The South African Minister of the Department of Arts, Culture, Science and Technology, Dr Ben Ngubane, formalized an Arts and Culture Task Group (ACTAG), in August/September 1994, to counsel him on the formulation of policy for the newly established govern­ment.  The aim of this group was to assist the Minister to realise relevant objectives as set out in the Reconstruction and Development Programme, namely: to affirm and promote the rich and diverse expression of South African culture, so that all citizens are guaranteed the right to practise their culture, language, beliefs and customs, as well as enjoying freedom of expression and creativity.  Obviously, the film industry has a crucial role to play in the forging of social cohesion and the process of democratization and development in South Africa.

In November of 1995, four months after the final ACTAG document was published, Dr Ngubane appointed a Reference Group to write up the Film Development Strategy document.  This Reference Group comprised fourteen disparate members: individuals from the film industry; academics such as Keyan Tomaselli; the head of the HSRC research study into the film industry, Martin Botha, and the film consultant to the Minister (and Chairperson).  The Reference Group met over a period of four weeks to discuss the drafting of the document, using the ACTAG document as the foundation for this paper.  The first draft of the Film Development Strategy document appeared at the beginning of 1996, and a revised version was pub­lished later in the year.

The writers proposed that the South African film and video industry be administered by a Statutory Body, known as the South African Film and Video Foundation (SAFVF).  The Reference Group felt that it was important to include "video" in the name, as it is then obvious that the Foundation embodies that area.

Jobman (Dir. Darrell Roodt, 1990)

Jobman (Dir. Darrell Roodt, 1990)

One of the long-term aims of the proposed Foundation is to facilitate the placement of the South African film industry on a sound commercial footing and enable it to become internationally competi­tive.  This in turn will promote South Africa as a tourist attraction, and as a location for foreign film productions, and television and advertis­ing commercials.  It will also enable South African audiences to see their own stories and interpretations of experience reflected on local screens.

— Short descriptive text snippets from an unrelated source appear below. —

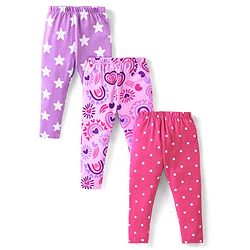 Babyhug Cotton Lycra Knit Full Length Star Hearts & Polka Dots Printed Leggings Pack of 3 - Purple Pink & Dark Pink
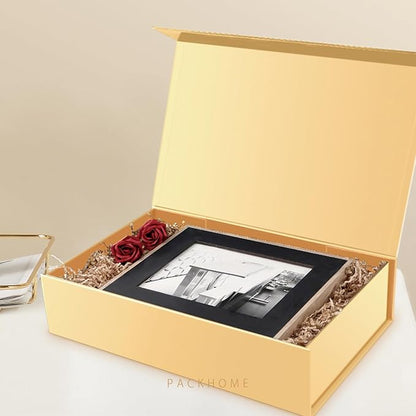 PACKHOME 6 Extra Large Gift Boxes 17.5x11.3x4.3 Inches, Sturdy Shirt Boxes with Magnetic Lids for Clothes and Large Gifts (Glossy Gold)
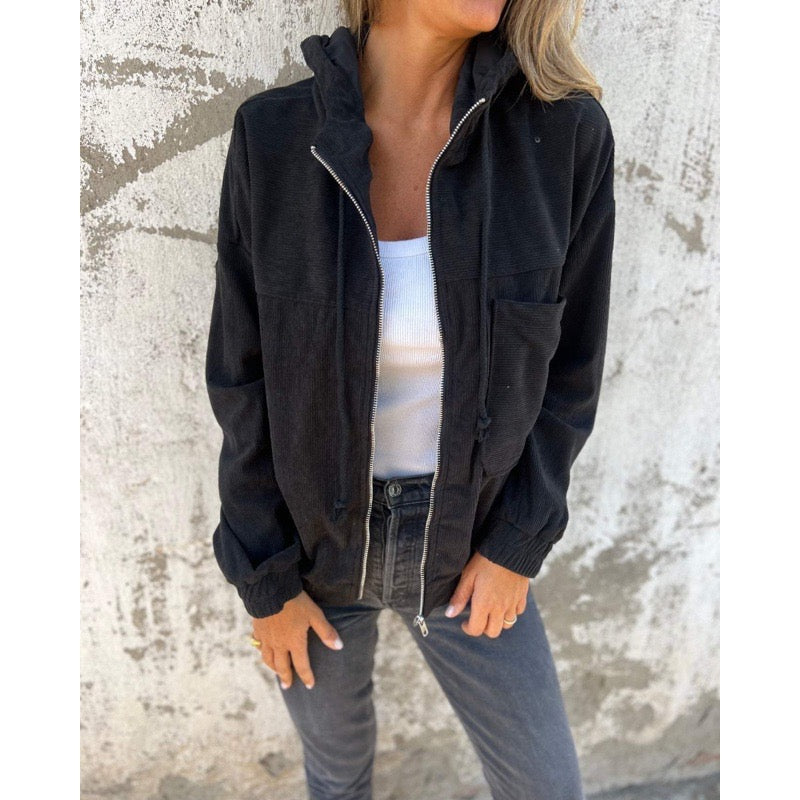Women's corduroy hooded jacket in black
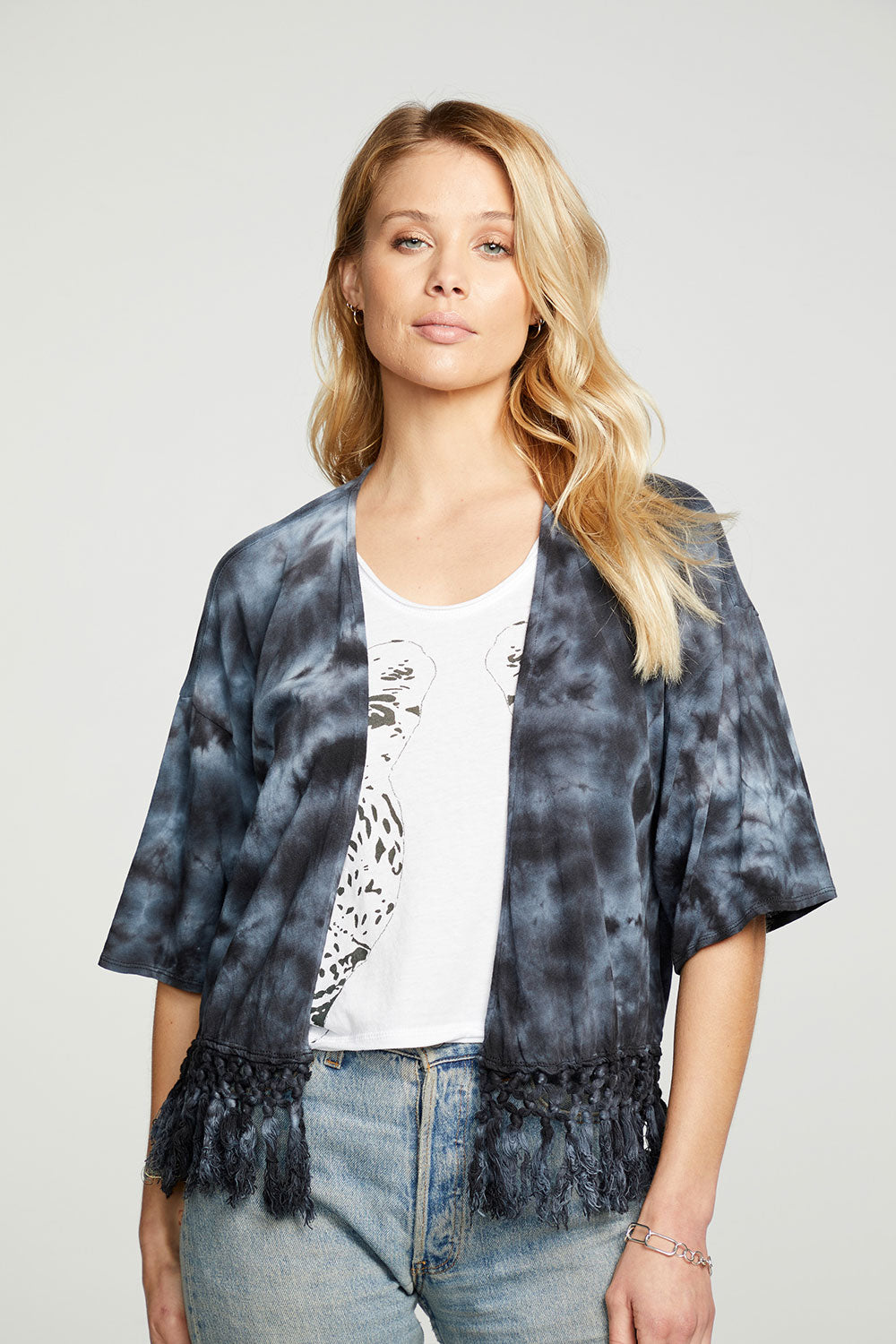 Cloud Jersey Crochet Trim Short Sleeve Kimono WOMENS - chaserbrand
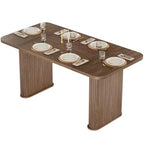 Table à manger 62 pour 6-8 personnes, table de cuisine rectangulaire en bois avec double piédestal robuste, table de salle à manger solide pour salle à manger, cuisine et salon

In March 1995, the old South African film subsidy system, which was based on box office returns, ceased to exist, and an interim film fund became in operation. Ten million rands were an­nually distributed among various projects, which included funding for short filmmaking. In 1998, for example, R110,000(2) was allocated to the development of short films and R1,010,000 for the actual production of short films.  During 1999 the proposed National Film and Video Foundation was established to support the local film industry, including short filmmak­ing.  

1.5  Objectives and strategies of the NFVF
The inaugural council of the NFVF translated the objectives of the NFVF Act into specific strategies. These strategies are as follows:

Since the collapse of apartheid it became important for South Africa to establish partnerships with other film industries. One such partner­ship could be with the European Union (EU) and its member states. Set within the context of the signed trade cooperation and develop­ment agreement between South Africa and the European Union, the South African Department of Arts, Culture, Science and Technology together with the NFVF and the delegation of the European Union in South Africa hosted a film symposium during November 2000 in Johannesburg. The participants of the symposium were drawn from the ranks of chief executive officers of the EU member states' film commissions, as well as significant players in the South African film and television industry.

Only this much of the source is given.